TASK:
Retype, exactly and with both ends included, the lines below from the one containing "Rosie Assoulin Thank You Smiley Face T Shirt" through the end; omit the pictures.

================

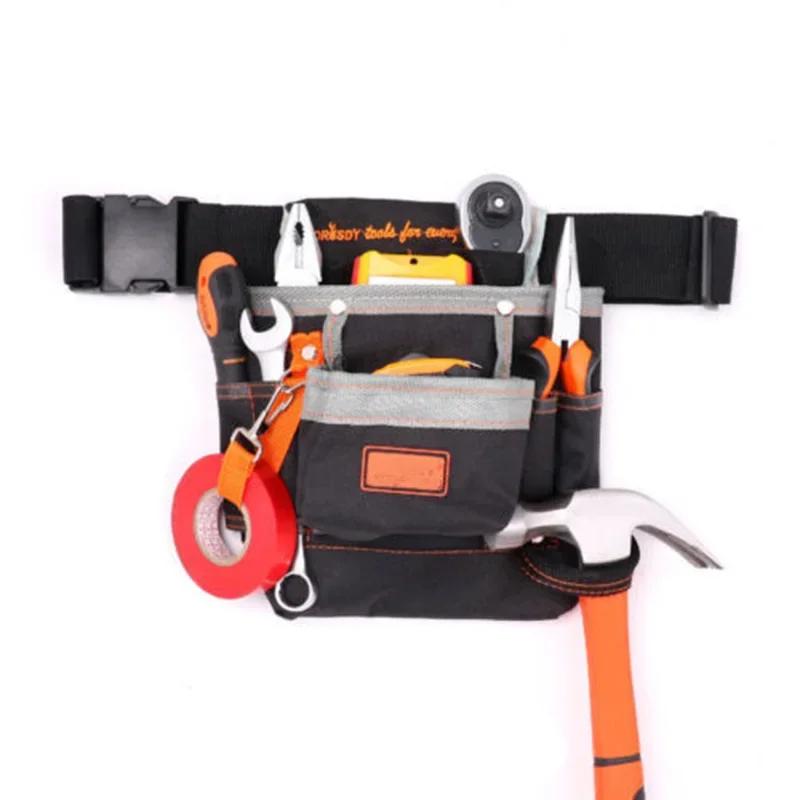 Tool Pouch Belt Waist Bag 7 Pocket Holster Storage Holder Electrician Tools Packaging 26x21.5cm For Screwdrivers Pencil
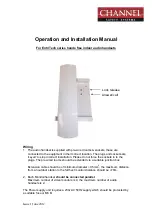 Предварительный просмотр 1 страницы Channel Safety Systems EntriTech Series Operation And Installation Manual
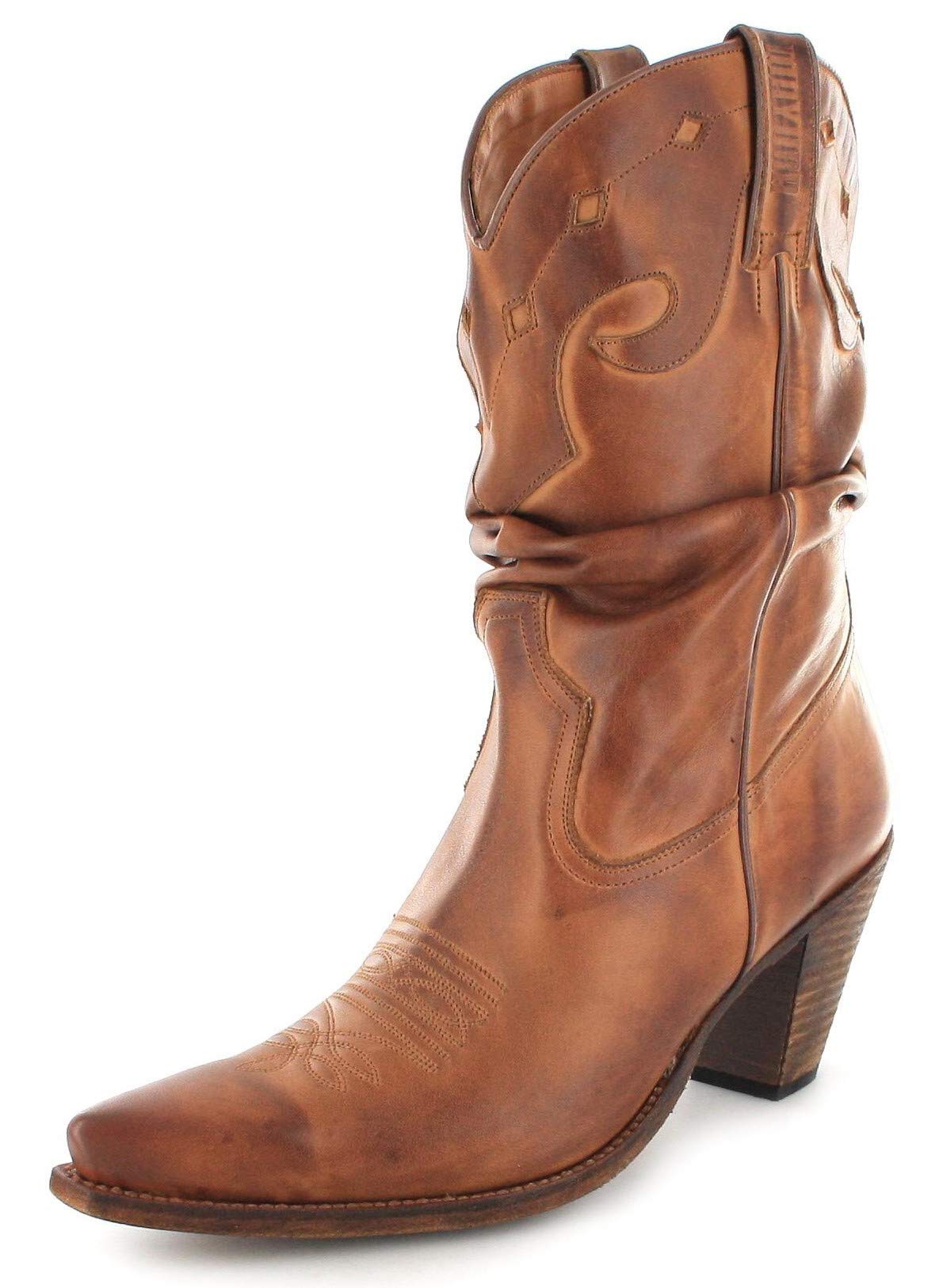 Mayura Boots Damern Westernstiefel 1952 Lederstiefel Braun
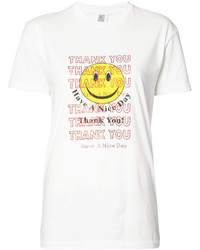 Rosie Assoulin Thank You Smiley Face T Shirt
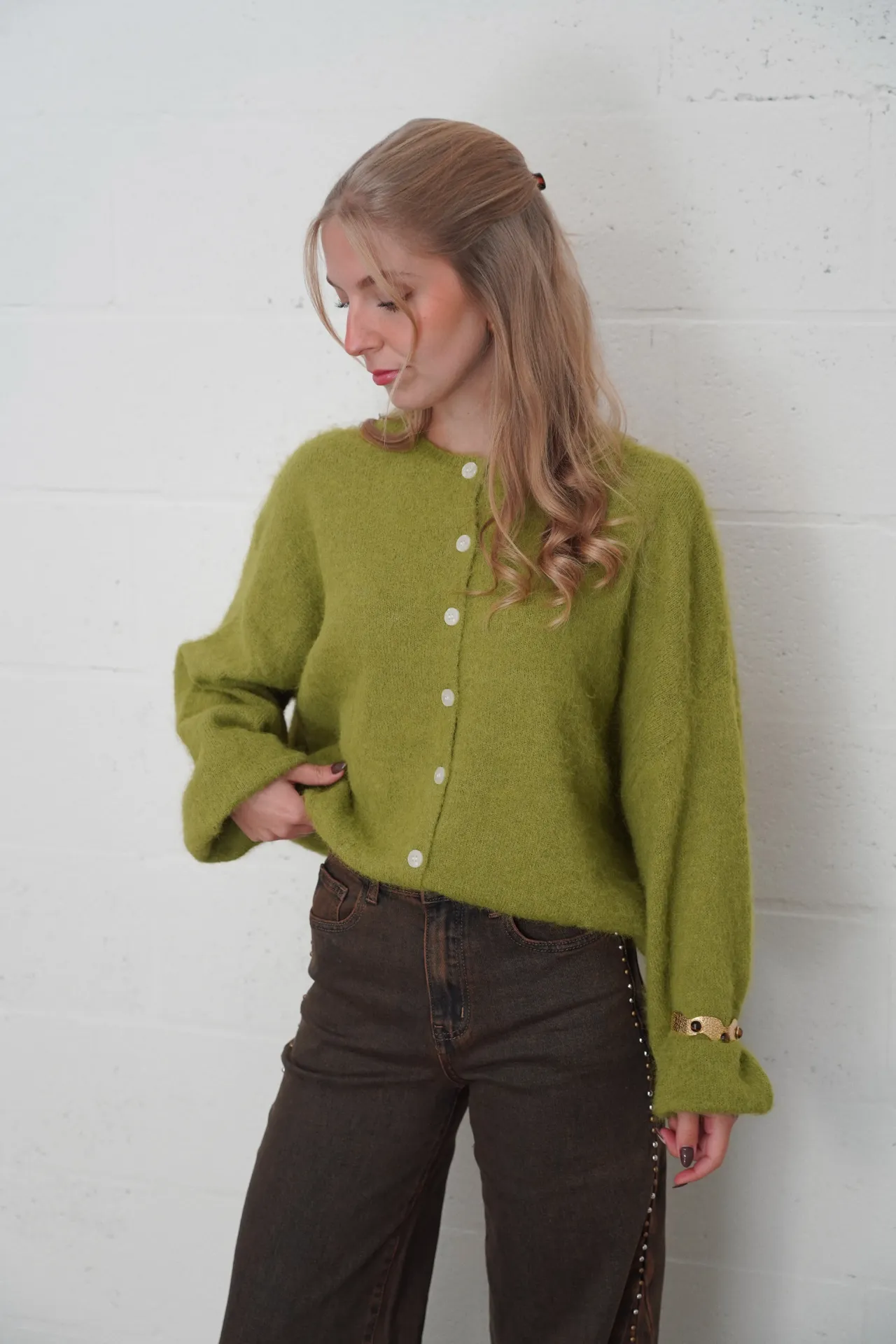 ORLA OLIVE - gilet à boutons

================

RESPONSE AREA:
 Rosie Assoulin Thank You Smiley Face T Shirt
 ORLA OLIVE - gilet à boutons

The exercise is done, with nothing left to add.